ANZAC Kokoda trekkers

ANZAC Kokoda trekkers

June 2016 | Lorraine Clarke

ON ANZAC Day this year, Meander resident Martin Webster attended a Dawn Service with a difference.

With numerous other stout-hearted Aussies, Martin trekked through the mountains of Papua New Guinea for 7 days to reach one of the most remote Anzac service venues. Ioribaiwa Ridge is the most southern location reached by the Japanese on the Kokoda Track in 1942.

“I first did the Kokoda trek in 2010 as a paying customer, to get fit, to learn more about our Diggers.

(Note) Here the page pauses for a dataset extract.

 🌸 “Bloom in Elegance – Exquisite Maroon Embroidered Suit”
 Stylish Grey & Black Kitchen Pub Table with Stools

I discovered my Uncle Mick had fought there, so I had to go back. I was approached by the owner of the company about leading treks across. I’ve now led 7 treks so far.”

The Kokoda Track day begins at 6:30 a.m. with 6 hours’ walking through dense rainforest, up and down steep muddy tracks, crossing rivers on precarious-looking single- file foot bridges. Native porters carry much of the gear and food. “The porters are considered as ‘rock stars’ by other villagers, as they earn 50 kina ($25) per day, where the average income is almost nothing.”

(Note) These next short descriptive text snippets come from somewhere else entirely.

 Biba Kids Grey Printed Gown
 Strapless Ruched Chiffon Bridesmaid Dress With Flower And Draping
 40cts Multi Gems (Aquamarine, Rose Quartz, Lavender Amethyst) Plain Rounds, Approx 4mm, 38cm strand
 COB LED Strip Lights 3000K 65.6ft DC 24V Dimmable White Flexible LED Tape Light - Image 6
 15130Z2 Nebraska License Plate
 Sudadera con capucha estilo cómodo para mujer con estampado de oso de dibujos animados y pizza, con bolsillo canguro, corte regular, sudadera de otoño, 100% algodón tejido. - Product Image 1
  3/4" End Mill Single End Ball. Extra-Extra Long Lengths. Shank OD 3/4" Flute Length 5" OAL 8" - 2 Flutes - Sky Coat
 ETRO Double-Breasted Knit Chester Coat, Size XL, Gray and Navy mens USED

Accommodation along the track is in native villages. “The locals go out of their way to make us feel welcome. They sing to us. They provide us with local fruits in season, and we bring noodles, rice, cheese, Spam, Saladas.” The sun sets before 7.00pm, so it’s an early night in tents to rest for the next strenuous day.

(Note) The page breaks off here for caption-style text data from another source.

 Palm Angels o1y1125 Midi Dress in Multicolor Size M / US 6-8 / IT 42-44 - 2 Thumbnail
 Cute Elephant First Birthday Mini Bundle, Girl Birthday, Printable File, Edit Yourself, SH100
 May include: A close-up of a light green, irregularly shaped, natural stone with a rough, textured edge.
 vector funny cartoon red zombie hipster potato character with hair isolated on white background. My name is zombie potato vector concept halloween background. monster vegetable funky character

“There are lots of unexploded shells and grenades and some plane wreckages in the jungle. Rusted Bren guns, helmets, shoes, along the track. We don’t touch any of them. We see the occasional snake, hear lots of birds, but hardly see any wildlife because the jungle is so dense.”

When Martin leads his next trek in July, fiancée Alison Bailey will accompany him for her first Kokoda experience. They train by bushwalking in the Western Tiers with their dogs.

“It is a fantastic journey to make with loved ones. It makes you appreciate what you have, and there is such a sense of accomplishment when you walk through the Arches at the end,” said Martin.